3. Hepatoprotective effects

3.1. Liver disease and BA homeostasis

Non-alcoholic fatty liver disease (NAFLD) is characterized by fat accumulation in the liver, and is often due to poor diet and sedentary lifestyle factors (214). Almost half of NAFLD-patients present with intrahepatic cholestasis, a condition where bile builds up in the liver(215). The liver directs BA synthesis, conversions, conjugation, and excretion; therefore, disruption of BA homeostasis is associated with disturbances in hepatic carbohydrate and lipid metabolism and liver disease progression (215–217). Hydrophobic BAs become cytotoxic to hepatocytes at high concentrations (218). Both intrinsic toxicity of certain BA as well as increases to total BA levels due to bile duct impairments, drugs, diet, or dysbiosis induces production of inflammatory cytokines in hepatocytes (219–222).

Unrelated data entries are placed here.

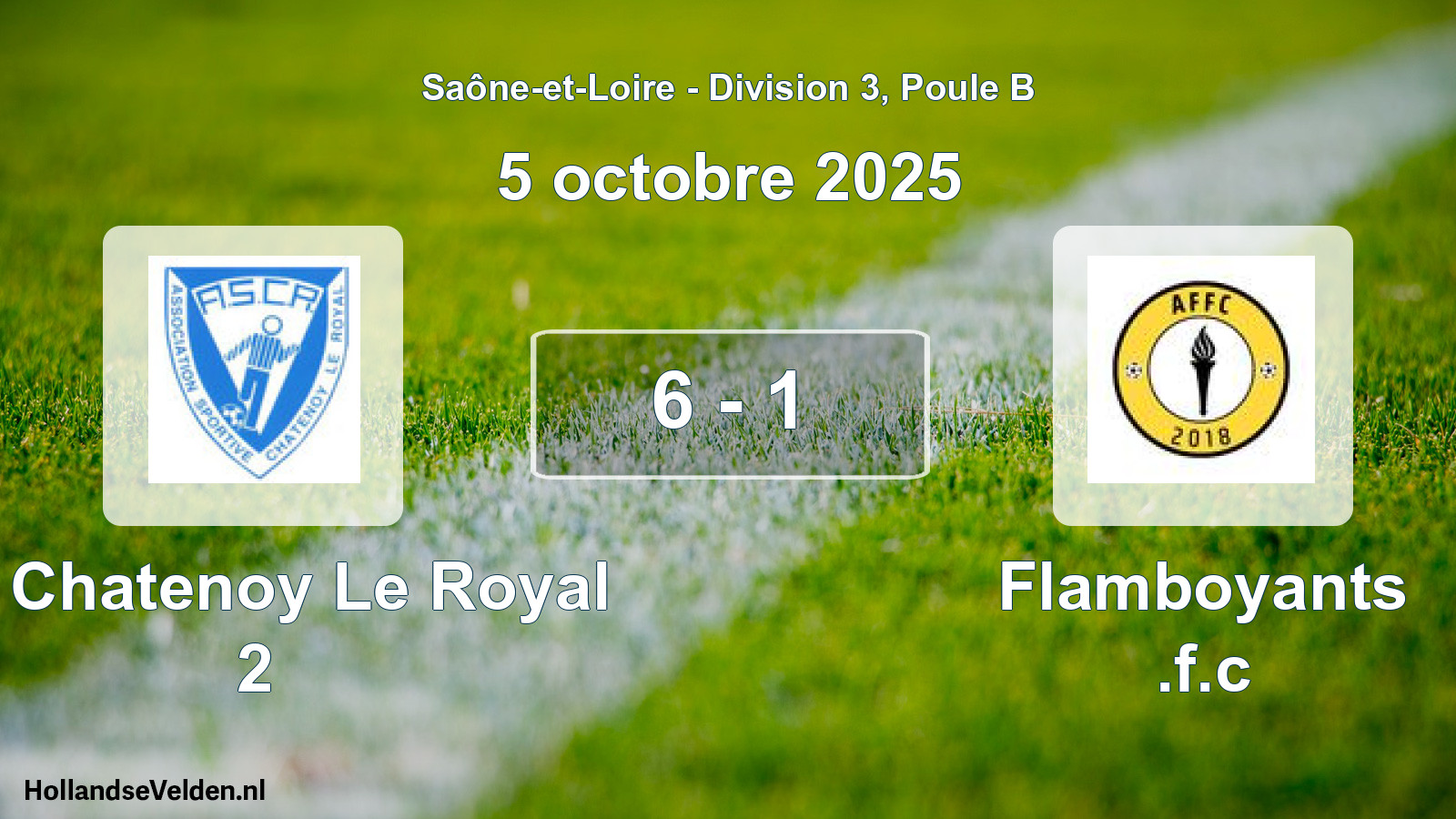 Total number of matches played: AS Chatenoy Le Royal 2 - Flamboyants .f.c 6 - 1 (5 October 2025)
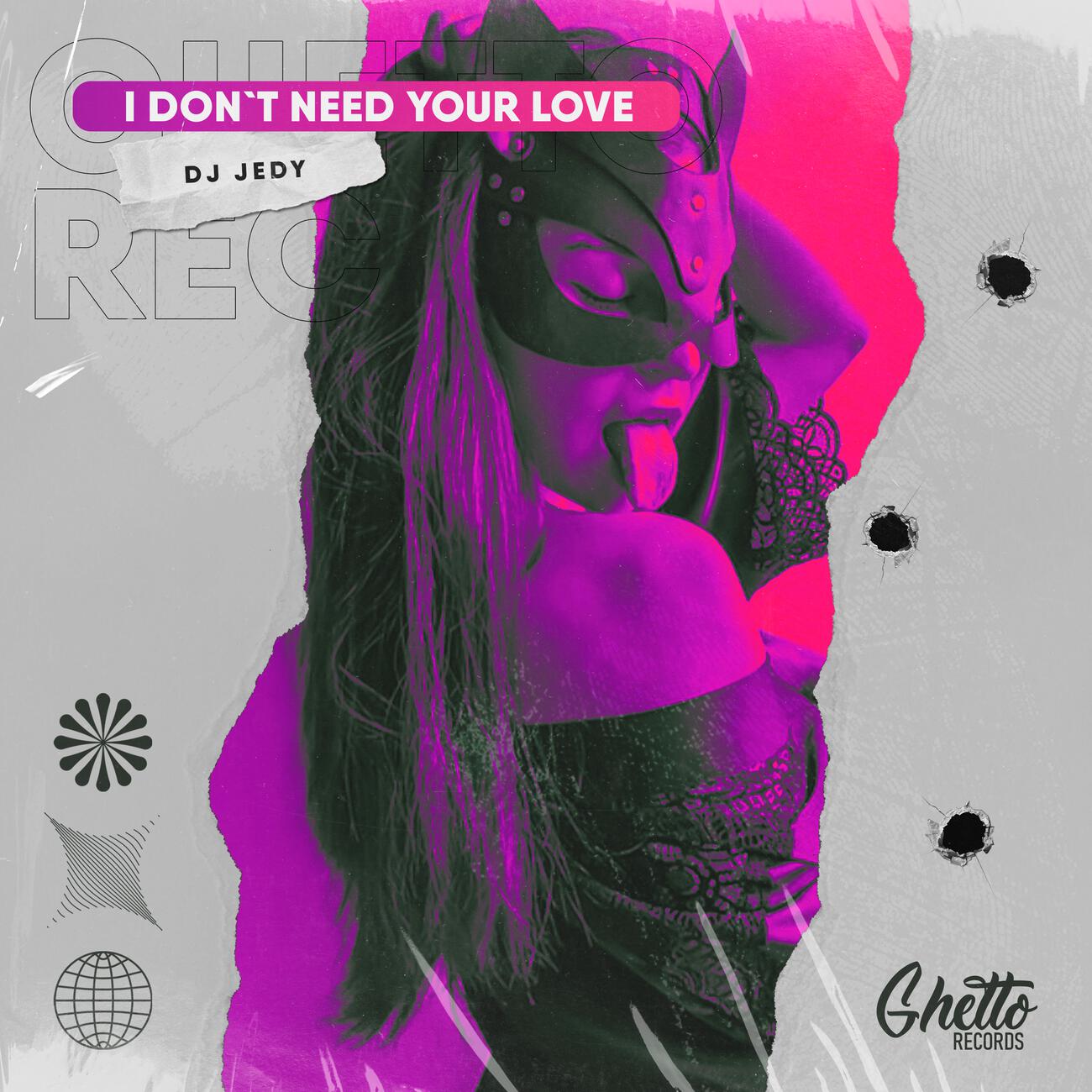 Релиз I Don't Need Your Love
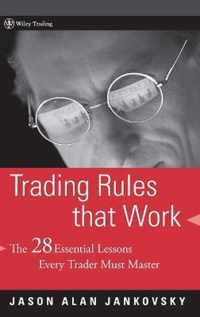 Trading Rules that Work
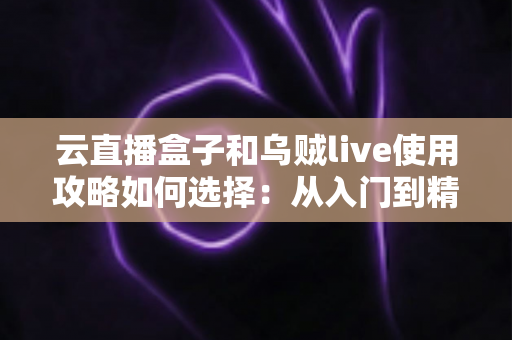 云直播盒子和乌贼live使用攻略如何选择：从入门到精通的选型与实操全指南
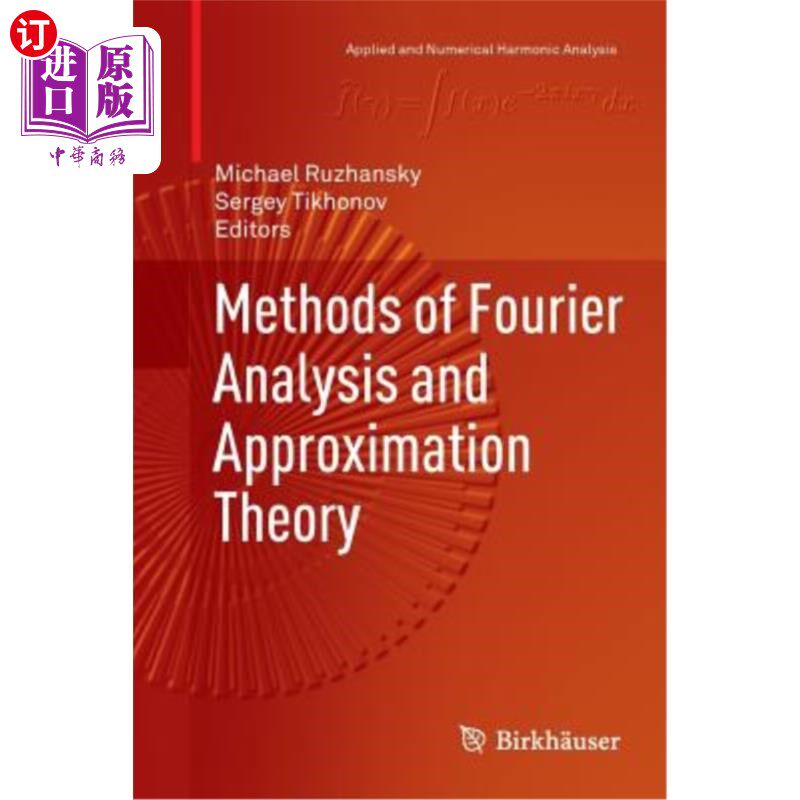 海外直订Methods of Fourier Analysis and Approximation Theory 傅立叶分析方法和近似理论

Increased total serum BAs have been detected in patients with NAFLD compared to healthy subjects (216, 217, 223–225). NAFLD-patient and HFD-fed rodent livers had increased gene expression of hepatic BA uptake proteins (NTCP, OATP1B1, OATP1B3) and BA synthesis proteins (CYP7A1, CYP8B1, CYP27A1), consistent with increased serum BA (225). However, evidence also indicates inhibition of intestinal FXR may be beneficial in preventing NAFLD (103, 226, 227). It was proposed that FXR-inhibition may be hepatoprotective by reducing cholesterol accumulation via increased BA synthesis and excretion (227), or by reducing FXR-mediated ceramide synthesis in the intestine (103). Additionally, interventions that reduce BA reabsorption by inhibiting the ABST (228), or sequestering BAs (229), have been proposed as possible NAFLD and cholestasis therapies. As discussed previously, there is no clear signature BA profile for NAFLD (12), despite several studies reporting BA profiles in NAFLD patients and rodent models, with support for DCA, CDCA, CA, UDCA, TUDCA as biomarkers for NAFLD (219, 220, 225, 230–232).An extensive review of toxic effects of different BA species identified challenges in ascertaining the physiological relevance of BA profile and concentrations used in in vitro studies verses in vivo studies and the difficulties in elucidating the effects of single BA species verses the total BA pool (233).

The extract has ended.